EXERCISE GOAL:
Copying rule for the data below: pictures stay out, and only the lines from the one with "10-1PCS DIY Wooden" down to the one with "Support mural pour", inclusive, are repeated exactly.

EXERCISE INPUTS:
◇ ◇ ◇ ◇

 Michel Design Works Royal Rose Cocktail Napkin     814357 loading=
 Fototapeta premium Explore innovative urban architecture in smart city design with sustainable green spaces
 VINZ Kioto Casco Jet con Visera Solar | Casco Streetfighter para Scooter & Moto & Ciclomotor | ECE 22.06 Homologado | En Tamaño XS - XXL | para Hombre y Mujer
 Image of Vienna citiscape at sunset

◇ ◇ ◇ ◇

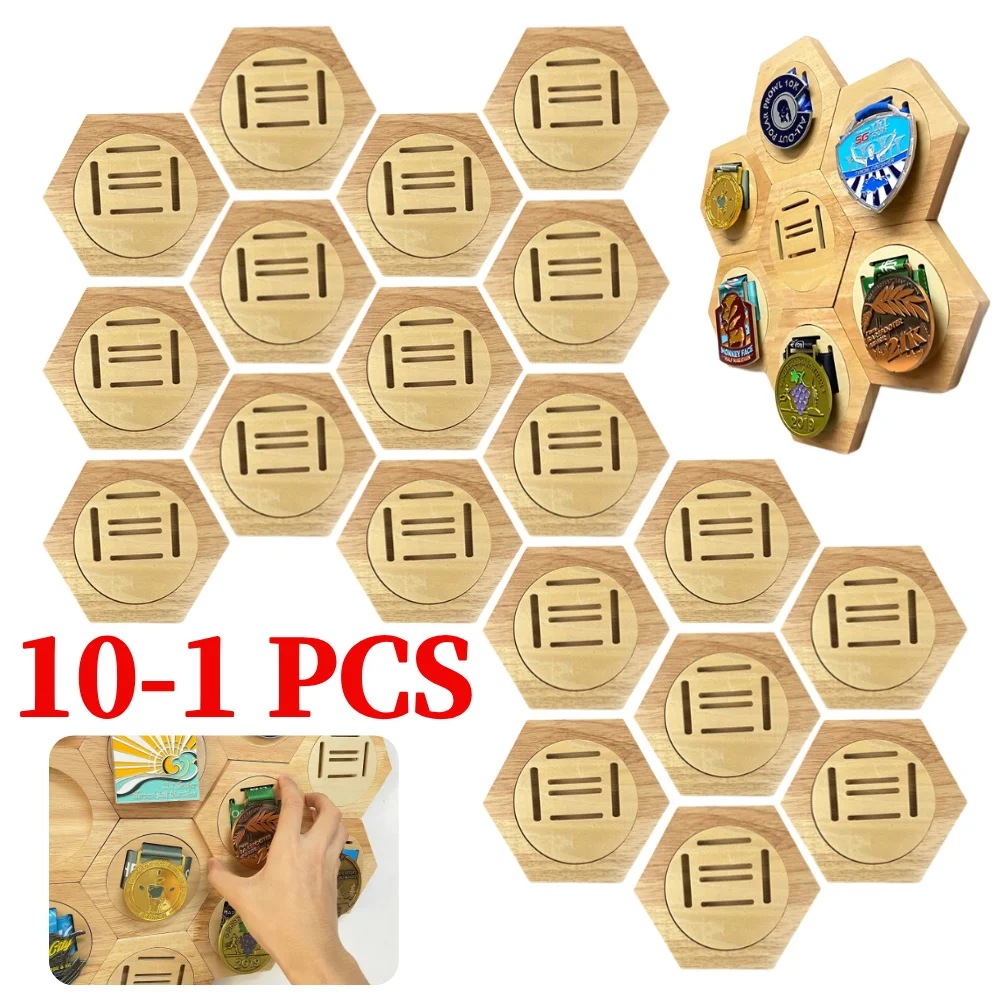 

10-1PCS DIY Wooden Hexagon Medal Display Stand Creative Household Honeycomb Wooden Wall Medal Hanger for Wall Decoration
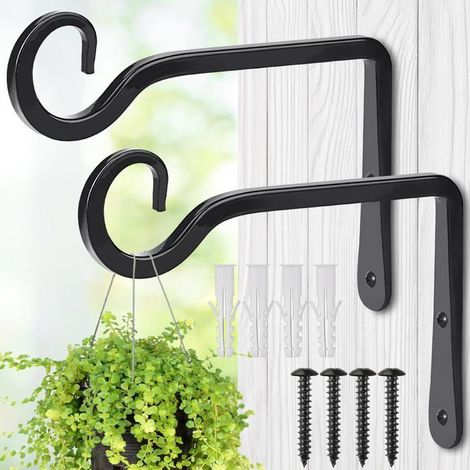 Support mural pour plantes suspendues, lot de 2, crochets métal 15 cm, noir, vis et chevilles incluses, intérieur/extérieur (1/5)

◇ ◇ ◇ ◇

SOLUTION:
10-1PCS DIY Wooden Hexagon Medal Display Stand Creative Household Honeycomb Wooden Wall Medal Hanger for Wall Decoration
 Support mural pour plantes suspendues, lot de 2, crochets métal 15 cm, noir, vis et chevilles incluses, intérieur/extérieur (1/5)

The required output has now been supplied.